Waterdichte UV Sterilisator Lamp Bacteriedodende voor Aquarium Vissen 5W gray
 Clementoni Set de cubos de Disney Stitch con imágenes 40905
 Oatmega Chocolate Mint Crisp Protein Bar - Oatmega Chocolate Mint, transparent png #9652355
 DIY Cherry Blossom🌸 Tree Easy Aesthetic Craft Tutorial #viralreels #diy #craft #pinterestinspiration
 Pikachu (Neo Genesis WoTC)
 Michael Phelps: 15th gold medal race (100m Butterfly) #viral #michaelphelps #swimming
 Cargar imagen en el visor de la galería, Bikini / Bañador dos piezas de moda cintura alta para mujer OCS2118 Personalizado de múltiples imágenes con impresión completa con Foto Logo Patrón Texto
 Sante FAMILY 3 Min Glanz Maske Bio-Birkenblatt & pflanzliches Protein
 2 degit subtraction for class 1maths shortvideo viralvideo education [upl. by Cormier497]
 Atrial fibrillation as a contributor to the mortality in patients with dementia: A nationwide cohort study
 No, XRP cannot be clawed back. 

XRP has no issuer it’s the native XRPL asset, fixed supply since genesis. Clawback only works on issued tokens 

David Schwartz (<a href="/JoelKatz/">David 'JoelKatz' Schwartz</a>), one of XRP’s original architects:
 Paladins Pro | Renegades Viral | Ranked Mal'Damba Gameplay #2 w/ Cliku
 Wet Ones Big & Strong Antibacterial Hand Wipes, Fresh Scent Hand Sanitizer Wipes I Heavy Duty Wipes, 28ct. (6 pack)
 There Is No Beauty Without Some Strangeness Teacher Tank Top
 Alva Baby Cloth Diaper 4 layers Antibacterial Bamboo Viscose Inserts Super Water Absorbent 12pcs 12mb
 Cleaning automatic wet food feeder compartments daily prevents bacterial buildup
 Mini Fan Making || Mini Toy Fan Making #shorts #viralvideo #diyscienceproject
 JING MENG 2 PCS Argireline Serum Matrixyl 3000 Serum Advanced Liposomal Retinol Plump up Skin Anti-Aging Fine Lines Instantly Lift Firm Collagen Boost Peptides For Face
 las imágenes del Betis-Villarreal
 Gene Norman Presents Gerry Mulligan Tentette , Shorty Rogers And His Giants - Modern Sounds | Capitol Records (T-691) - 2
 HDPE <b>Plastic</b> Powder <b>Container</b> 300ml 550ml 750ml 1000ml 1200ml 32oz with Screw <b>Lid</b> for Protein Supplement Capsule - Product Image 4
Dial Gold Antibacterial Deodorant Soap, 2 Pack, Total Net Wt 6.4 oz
* * *
WHAT IS BEING ASKED → Set down, exactly as they appear, the lines above from the first one to the line that holds "Wet Ones Big", both included, please, and no others.

OUTPUT OF THE EXERCISE →
Waterdichte UV Sterilisator Lamp Bacteriedodende voor Aquarium Vissen 5W gray
 Clementoni Set de cubos de Disney Stitch con imágenes 40905
 Oatmega Chocolate Mint Crisp Protein Bar - Oatmega Chocolate Mint, transparent png #9652355
 DIY Cherry Blossom🌸 Tree Easy Aesthetic Craft Tutorial #viralreels #diy #craft #pinterestinspiration
 Pikachu (Neo Genesis WoTC)
 Michael Phelps: 15th gold medal race (100m Butterfly) #viral #michaelphelps #swimming
 Cargar imagen en el visor de la galería, Bikini / Bañador dos piezas de moda cintura alta para mujer OCS2118 Personalizado de múltiples imágenes con impresión completa con Foto Logo Patrón Texto
 Sante FAMILY 3 Min Glanz Maske Bio-Birkenblatt & pflanzliches Protein
 2 degit subtraction for class 1maths shortvideo viralvideo education [upl. by Cormier497]
 Atrial fibrillation as a contributor to the mortality in patients with dementia: A nationwide cohort study
 No, XRP cannot be clawed back. 

XRP has no issuer it’s the native XRPL asset, fixed supply since genesis. Clawback only works on issued tokens 

David Schwartz (<a href="/JoelKatz/">David 'JoelKatz' Schwartz</a>), one of XRP’s original architects:
 Paladins Pro | Renegades Viral | Ranked Mal'Damba Gameplay #2 w/ Cliku
 Wet Ones Big & Strong Antibacterial Hand Wipes, Fresh Scent Hand Sanitizer Wipes I Heavy Duty Wipes, 28ct. (6 pack)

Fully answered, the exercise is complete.